Il credito di imposta sulla formazione vuole mettere l’accento sulla necessità di una costruzione delle competenze. In questo ambito Calenda riconosce che «scontiamo un ritardo decennale e dove oggettivamente anche il nostro Piano ha mostrato limiti e lentezze nel primo anno di applicazione (si riferisce in particolare ai Competence Center per il cui avvio, a un anno dal primo pacchetto, manca ancora il decreto ministeriale, atteso a breve. ndr). Quanto fatto in questi due anni non servirà a nulla se il piano non continuerà in futuro, diventando sempre più una missione per tutto il Paese».

Una missione che chiede di essere sposata da imprese, lavoratori e P.A., perché da soli i 30 miliardi di euro di incentivi erogati in due anni non servono se non c’è una rinnovata spinta del Paese. Il credito di imposta dedicato alla formazione e il potenziamento degli Istituti tecnici superiori avrà un valore di 10 miliardi – che si sommano ai 20 miliardi di iper e super ammortamento – e confermano quello italiano come il piano più imponente d’Europa.

In soldoni, si applicherà uno sconto fiscale del 40% sul costo delle ore di lavoro spese in formazione sulle tematiche 4.0, e questo varrà per tutte le imprese, indipendentemente dalla forma giuridica e dal settore di attività. Big data, cloud, manifattura additiva, cybersecurity, realtà aumentata: queste le materie che godranno dello sgravio fino a un valore di 300mila euro. Alcuni dati per misurare le potenzialità delle misure: secondo l’analisi Eurostat 2016, su cui si basa la relazione tecnica che accompagna la norma, gli occupati adulti coinvolti in percorso di formazione sono in Italia l’8,3%, il 2,5% sotto la media Ue (10,8%). Su 80 milioni di formazione espletati, inoltre, solo 25 sono centrati sui temi dell’industria 4.0.

«Questi numeri raccontano perché il credito di imposta nella manovra 2018 sia così importante», dice Taisch: «e spiegano anche perché la direzione del Mise sia quella giusta. Il governo è intervenuto sui due dei tre fattori produttivi per cui l’intervento era possibile, capitale e lavoro. Ora, davvero, spetta agli imprenditori agire. Se c’è qualcuno che non comprende che è necessario rinnovare il parco macchine e formare le persone, quello ha un destino segnato, che è la morte imprenditoriale». Sulla formazione si gioca la partita principale dell’industria 4.0, perché l’automazione sta già portando con sé un profondo mutamento del mondo del lavoro.

 

Esempio di robotica collaborativa

Non i robot, ma l’inadeguatezza della formazione ruba il lavoro

«La Germania ha il più alto tasso di robot per numero di abitanti e un tasso di disoccupazione del 4%: questa correlazione da sola spiega perché non è vero il sentire comune dell’uomo della strada secondo cui i robot ci rubano il lavoro.
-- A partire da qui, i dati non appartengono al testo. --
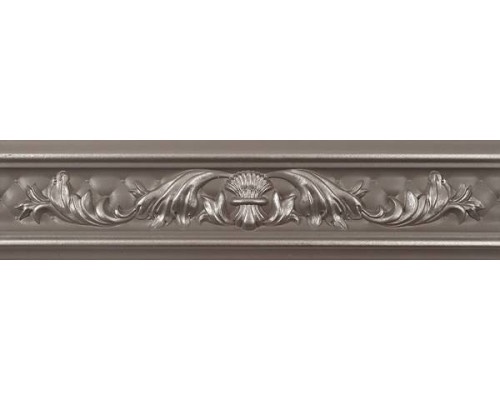 Moncada Brown Roseton  BW0ROS21 Бордюр 60х253 (36 шт в уп)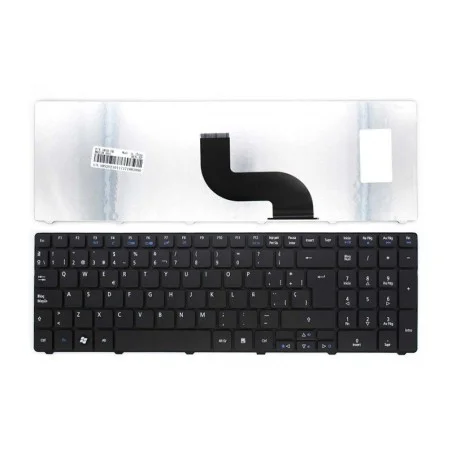 Cambiar Teclado ACER ASPIRE 5750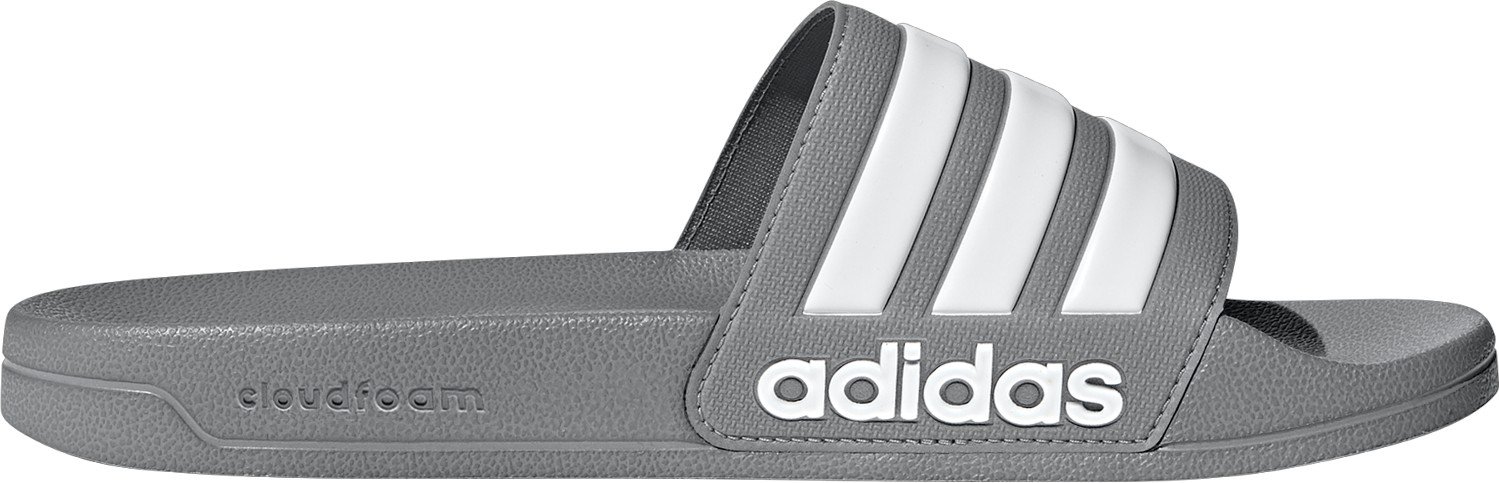 adidas Men's Adilette CF Sport Slides | Academy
Semmai è il contrario: l’automazione come tutte le tecnologie aiuta le imprese a diventare più competitive aumentando la produttività. Nel contempo rende più efficienti i costi e quindi i volumi di vendita aumentano. La riduzione di persone legata all’aumento di produttività viene compensata da questo aumento di volumi, e alla fine l’impresa ha bisogno di più personale ma personale formato. In conclusione non i robot, ma l’inadeguatezza della formazione ci ruba il lavoro. Tanto che a una fascia di popolazione più avanti con l’età e in grado di svolgere mansioni meccaniche e basiche dovrà essere garantita una forma nuova di welfare», afferma il professore.

La formazione dunque potrà avere un effetto positivo sull’occupazione e potrà far riprendere quota alla produzione industriale, che ha perso un quarto del suo valore negli anni della crisi. Ma ci vorrà almeno un decennio per ritornare su quei valori.«Peccato che non abbiamo dieci anni di tempo. Forse dobbiamo pensare a un paradigma nuovo: quei livelli, nel breve tempo non li rivedremo, ma comunque le imprese potranno riprendere a correre grazie agli incentivi». E conclude Taisch: «Ripeto: abbiamo una politica che ha lavorato sui fattori industriali, su risorse umane, lavoro e asset produttivi. Ora gli imprenditori devono assumersi le proprie responsabilità. Agire senza più alibi».